PROVIDED INFORMATION
--*--
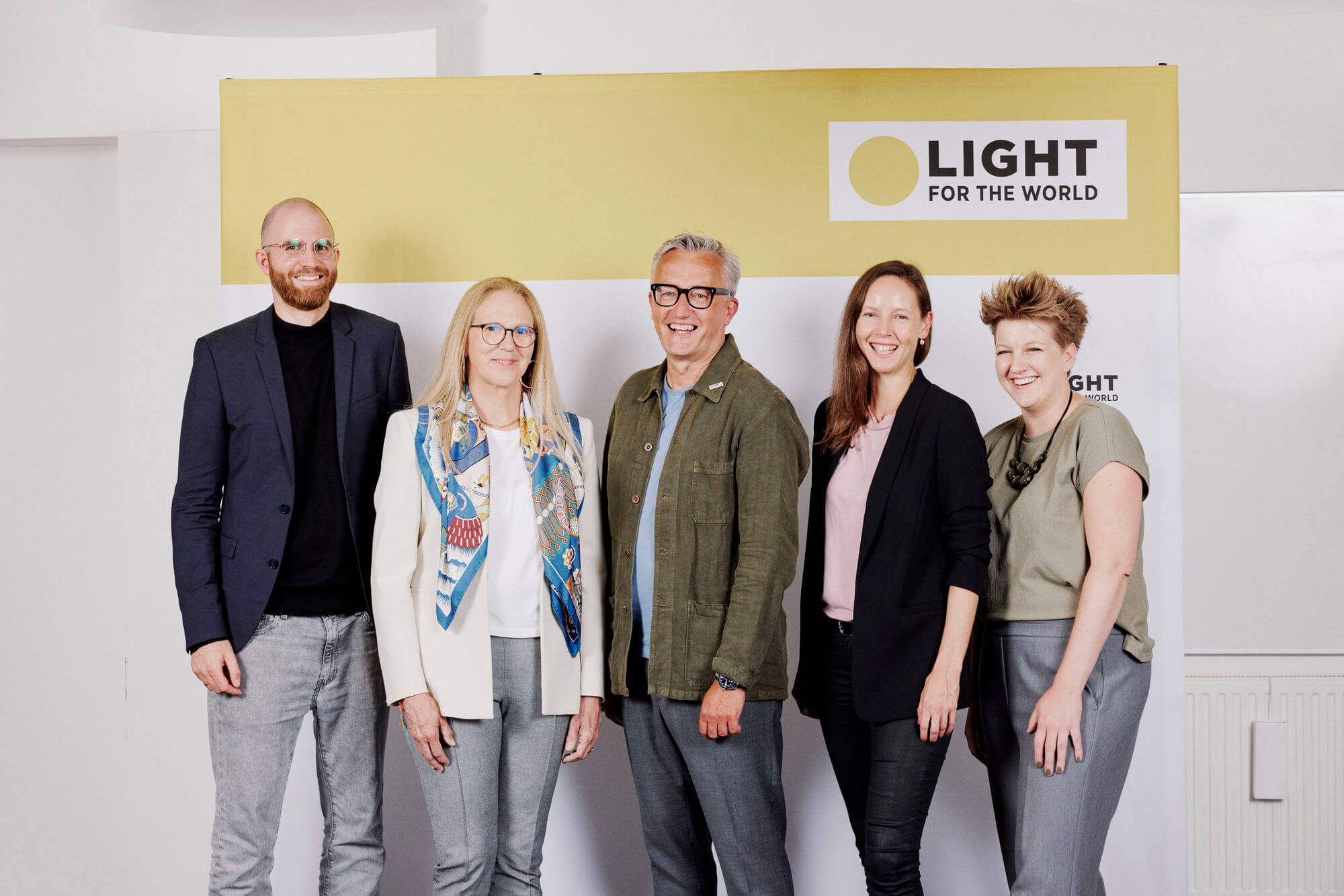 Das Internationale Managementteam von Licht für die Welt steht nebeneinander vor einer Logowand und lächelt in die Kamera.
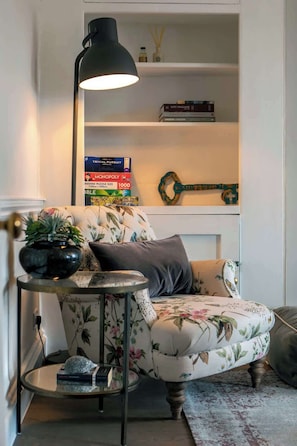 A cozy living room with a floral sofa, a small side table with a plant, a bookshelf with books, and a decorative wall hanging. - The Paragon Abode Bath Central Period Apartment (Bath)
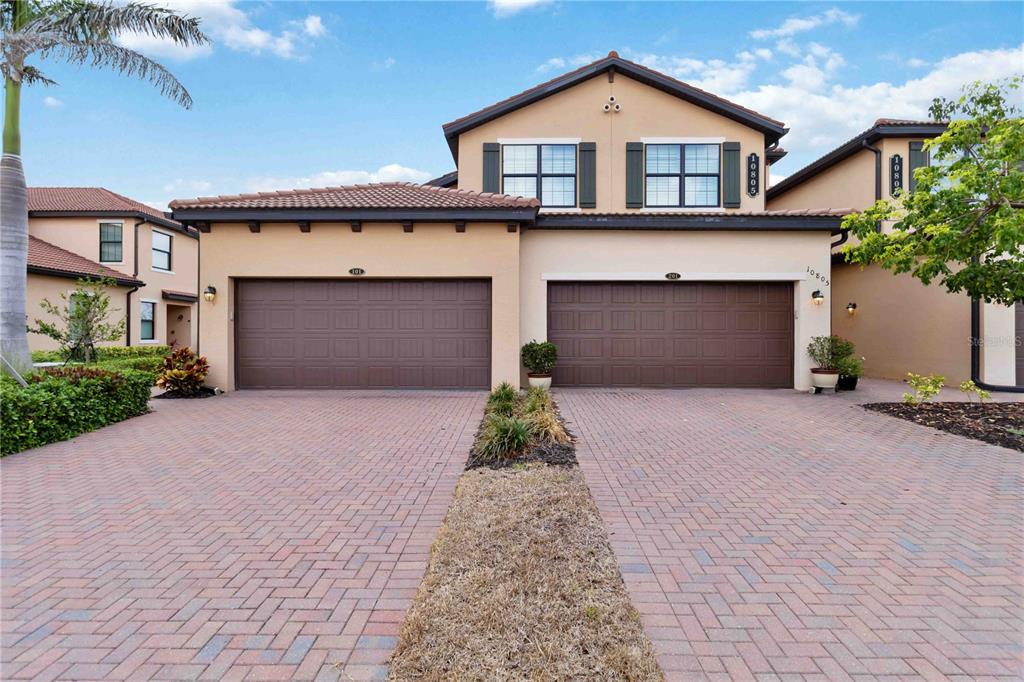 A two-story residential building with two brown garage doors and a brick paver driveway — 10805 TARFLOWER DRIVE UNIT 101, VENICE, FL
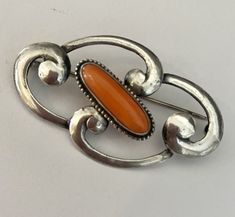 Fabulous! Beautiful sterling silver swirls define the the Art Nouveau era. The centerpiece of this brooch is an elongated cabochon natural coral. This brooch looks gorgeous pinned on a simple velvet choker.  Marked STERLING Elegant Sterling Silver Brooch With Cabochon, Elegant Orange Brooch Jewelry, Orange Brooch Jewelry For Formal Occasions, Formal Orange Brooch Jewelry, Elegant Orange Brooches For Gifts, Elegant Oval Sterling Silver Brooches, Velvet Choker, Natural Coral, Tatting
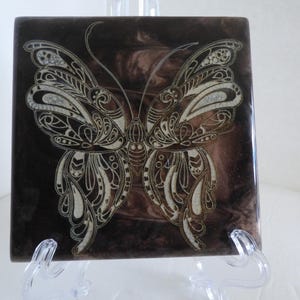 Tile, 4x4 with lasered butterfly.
--*--
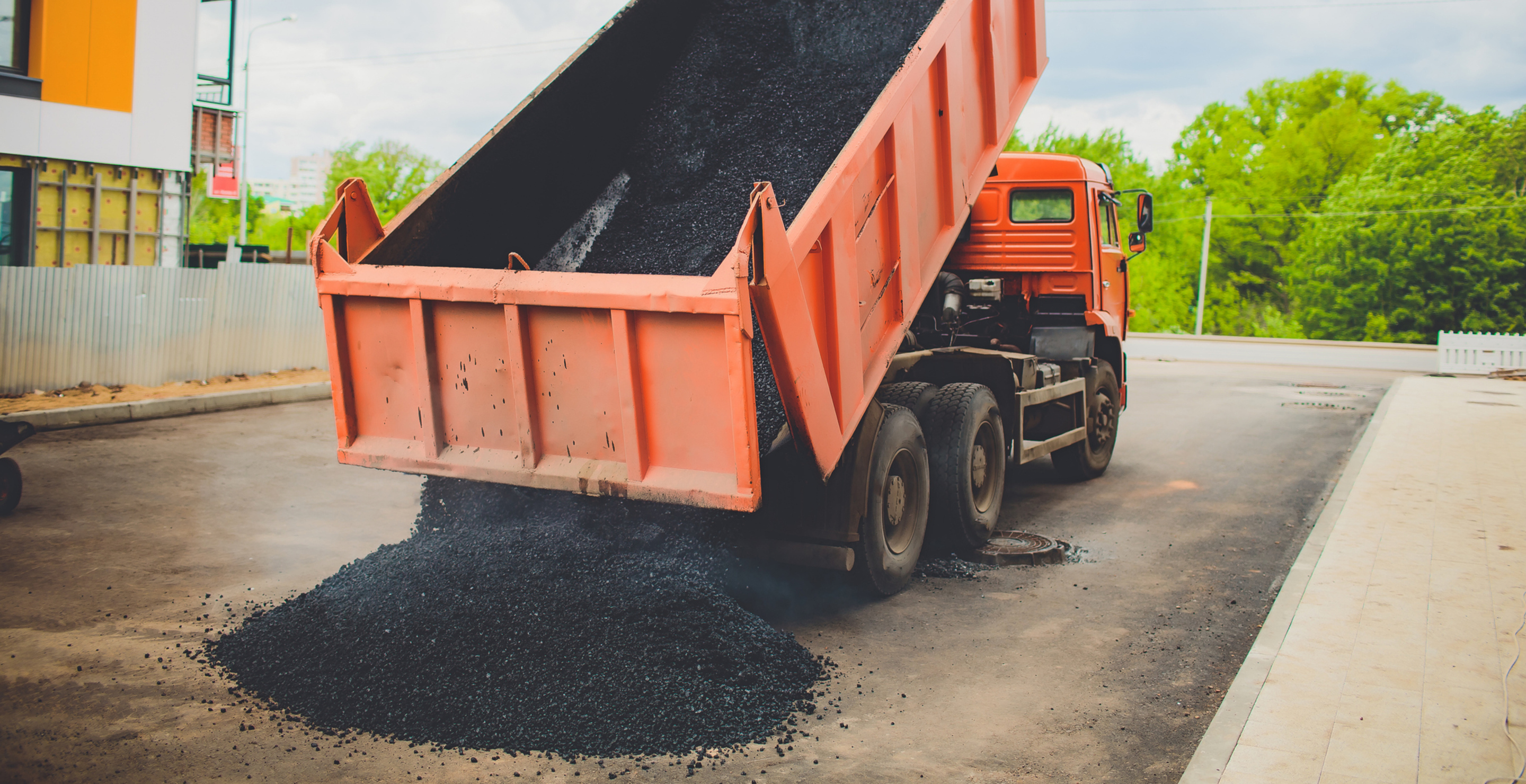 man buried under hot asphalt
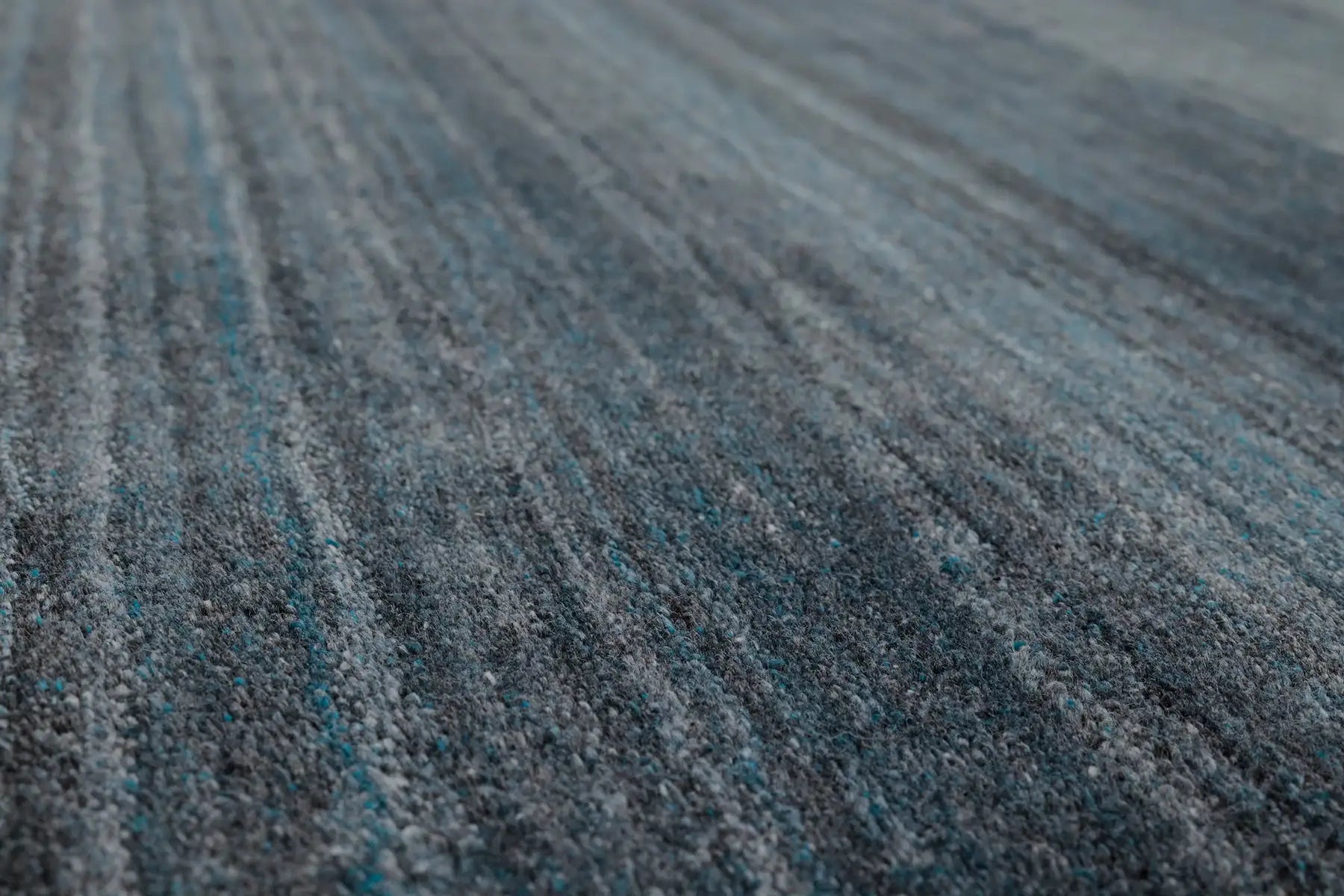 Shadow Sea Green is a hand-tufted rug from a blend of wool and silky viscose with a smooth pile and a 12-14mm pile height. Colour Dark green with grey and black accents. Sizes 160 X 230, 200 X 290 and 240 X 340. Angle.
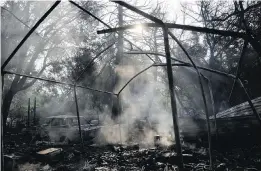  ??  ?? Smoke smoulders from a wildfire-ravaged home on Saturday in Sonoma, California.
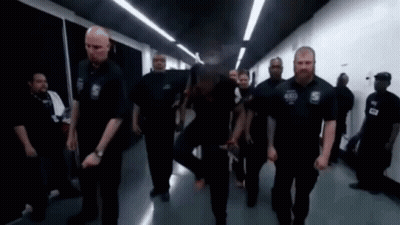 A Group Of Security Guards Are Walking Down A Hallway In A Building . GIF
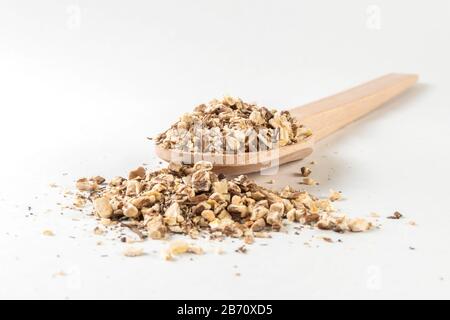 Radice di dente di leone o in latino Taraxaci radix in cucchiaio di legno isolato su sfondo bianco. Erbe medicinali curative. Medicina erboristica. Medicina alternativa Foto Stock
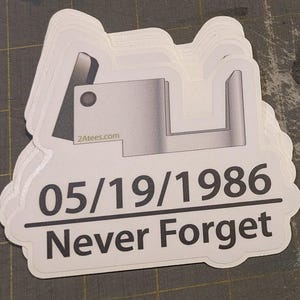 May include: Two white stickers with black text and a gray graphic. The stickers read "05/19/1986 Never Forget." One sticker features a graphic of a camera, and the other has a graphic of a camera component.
--*--
Above are the records; copy from them only the lines starting at the one containing "Das Internationale Managementteam" and ending at the one containing "Tile, 4x4 with lasered butterfly.", exactly and without pictures.

EXERCISE ANSWER
 Das Internationale Managementteam von Licht für die Welt steht nebeneinander vor einer Logowand und lächelt in die Kamera.
 A cozy living room with a floral sofa, a small side table with a plant, a bookshelf with books, and a decorative wall hanging. - The Paragon Abode Bath Central Period Apartment (Bath)
 A two-story residential building with two brown garage doors and a brick paver driveway — 10805 TARFLOWER DRIVE UNIT 101, VENICE, FL
 Fabulous! Beautiful sterling silver swirls define the the Art Nouveau era. The centerpiece of this brooch is an elongated cabochon natural coral. This brooch looks gorgeous pinned on a simple velvet choker.  Marked STERLING Elegant Sterling Silver Brooch With Cabochon, Elegant Orange Brooch Jewelry, Orange Brooch Jewelry For Formal Occasions, Formal Orange Brooch Jewelry, Elegant Orange Brooches For Gifts, Elegant Oval Sterling Silver Brooches, Velvet Choker, Natural Coral, Tatting
 Tile, 4x4 with lasered butterfly.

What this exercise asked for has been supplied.